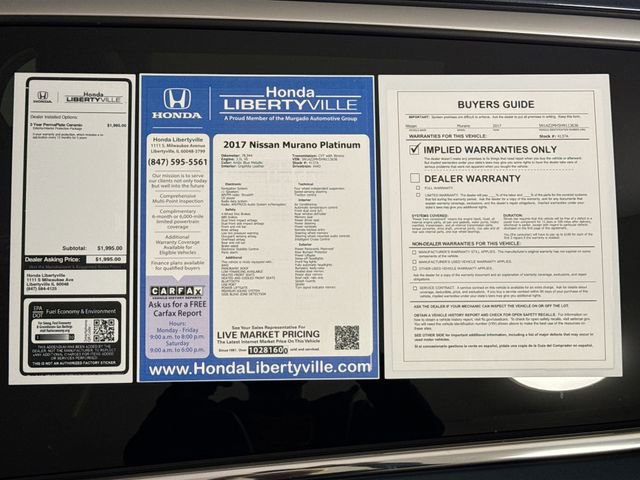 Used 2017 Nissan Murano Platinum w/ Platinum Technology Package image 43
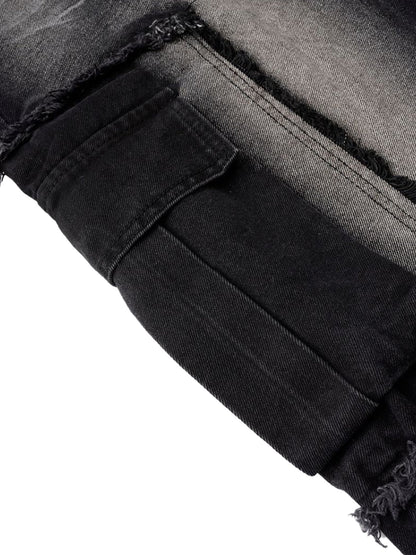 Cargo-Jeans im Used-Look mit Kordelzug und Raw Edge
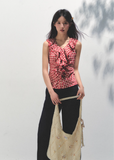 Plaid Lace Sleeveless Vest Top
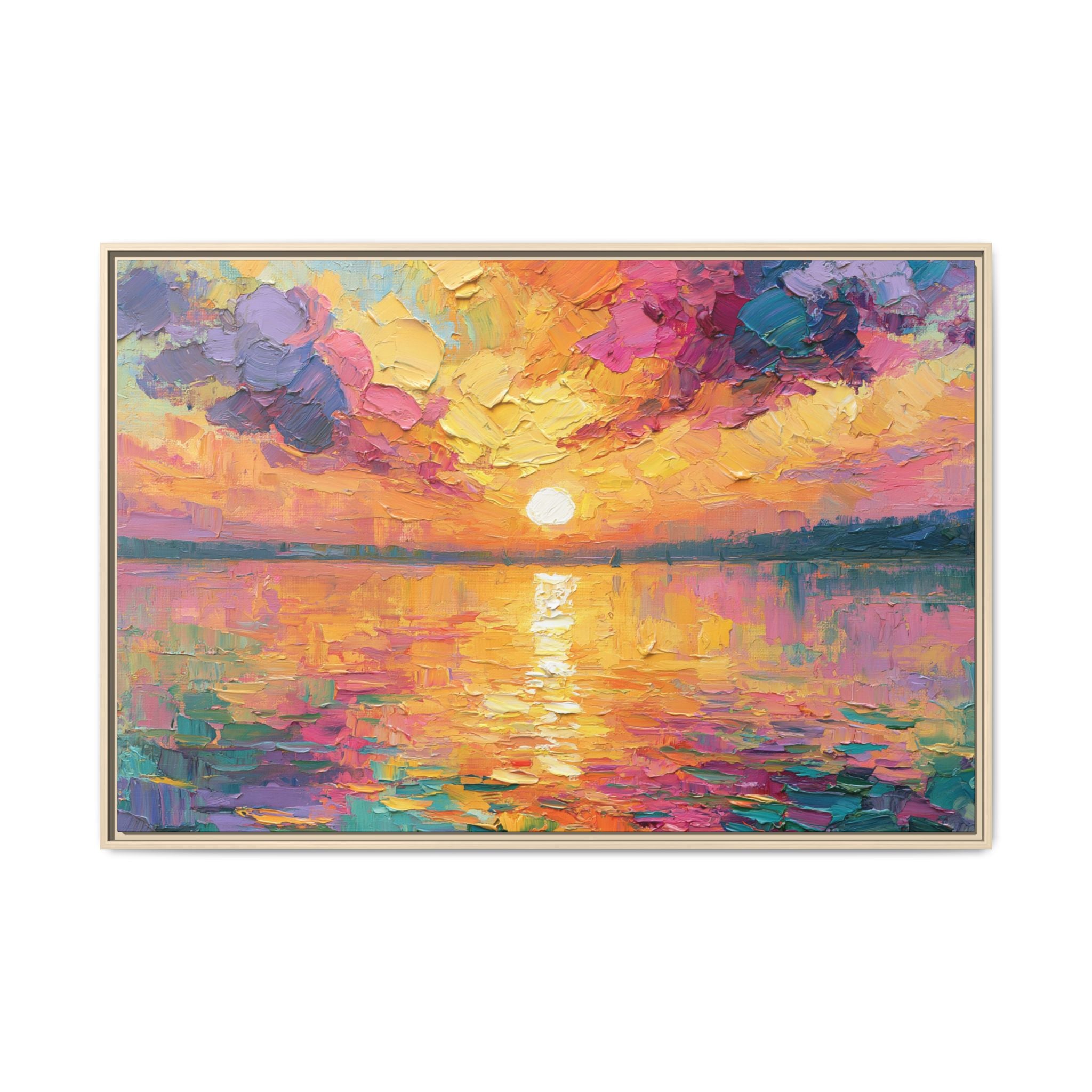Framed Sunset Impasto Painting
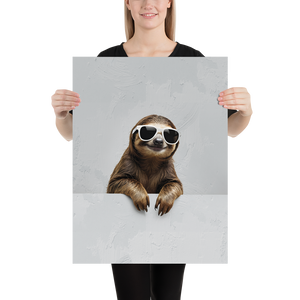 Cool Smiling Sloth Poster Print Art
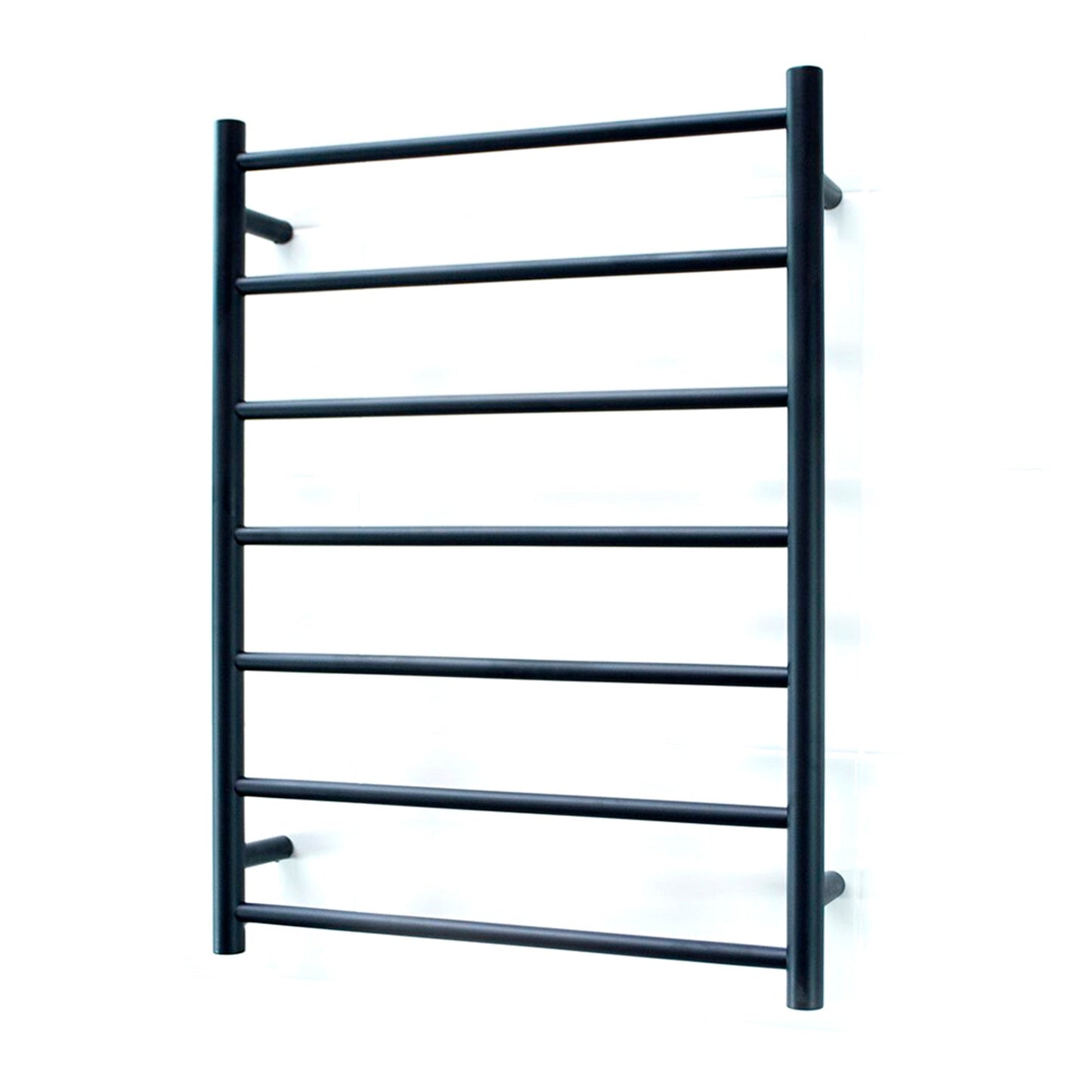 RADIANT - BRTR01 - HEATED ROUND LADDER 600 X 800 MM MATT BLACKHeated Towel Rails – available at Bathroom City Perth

---

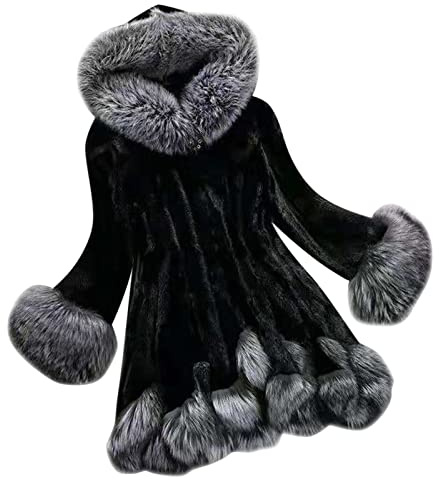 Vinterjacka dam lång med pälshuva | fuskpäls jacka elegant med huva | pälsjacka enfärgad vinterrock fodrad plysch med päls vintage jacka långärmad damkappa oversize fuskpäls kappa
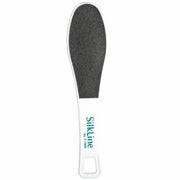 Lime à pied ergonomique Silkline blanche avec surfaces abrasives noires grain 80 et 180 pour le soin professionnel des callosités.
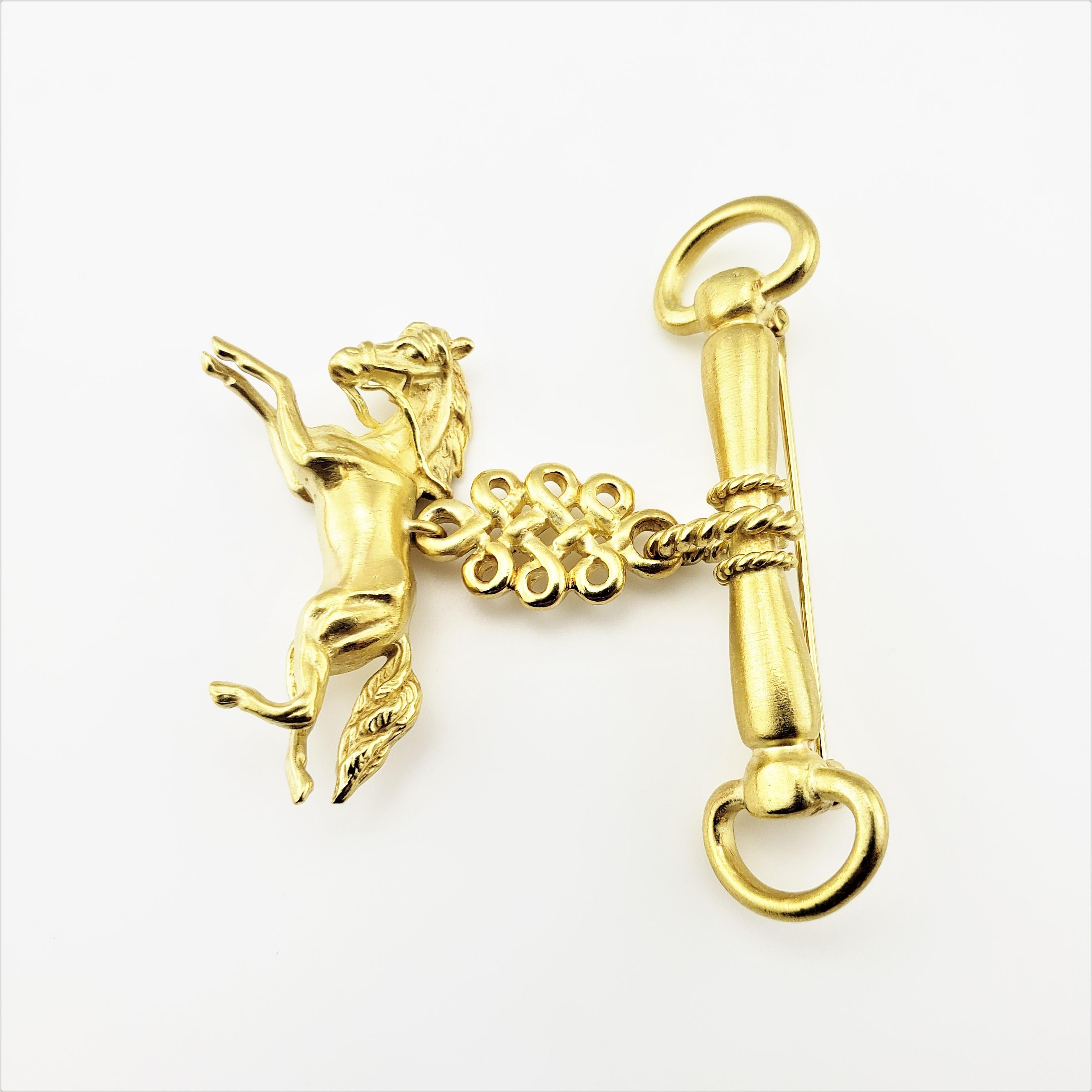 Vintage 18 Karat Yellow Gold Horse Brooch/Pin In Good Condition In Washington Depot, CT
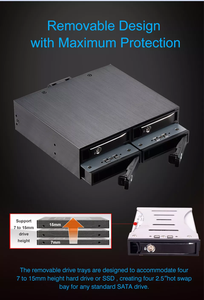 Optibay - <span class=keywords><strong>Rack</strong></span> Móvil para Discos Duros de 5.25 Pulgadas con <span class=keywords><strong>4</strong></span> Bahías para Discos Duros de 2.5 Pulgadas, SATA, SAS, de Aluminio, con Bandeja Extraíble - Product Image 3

--

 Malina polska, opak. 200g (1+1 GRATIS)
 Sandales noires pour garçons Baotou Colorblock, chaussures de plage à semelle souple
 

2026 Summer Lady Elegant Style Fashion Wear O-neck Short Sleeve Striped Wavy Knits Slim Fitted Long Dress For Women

__Work instructions__
Find where the line with "Vintage 18 Karat" sits in the material above and where the line with "Optibay - <span" sits. Set down exactly the lines from the first to the second, both included and nothing else, without pictures.

__Solution for this exercise__
 Vintage 18 Karat Yellow Gold Horse Brooch/Pin In Good Condition In Washington Depot, CT
 Optibay - <span class=keywords><strong>Rack</strong></span> Móvil para Discos Duros de 5.25 Pulgadas con <span class=keywords><strong>4</strong></span> Bahías para Discos Duros de 2.5 Pulgadas, SATA, SAS, de Aluminio, con Bandeja Extraíble - Product Image 3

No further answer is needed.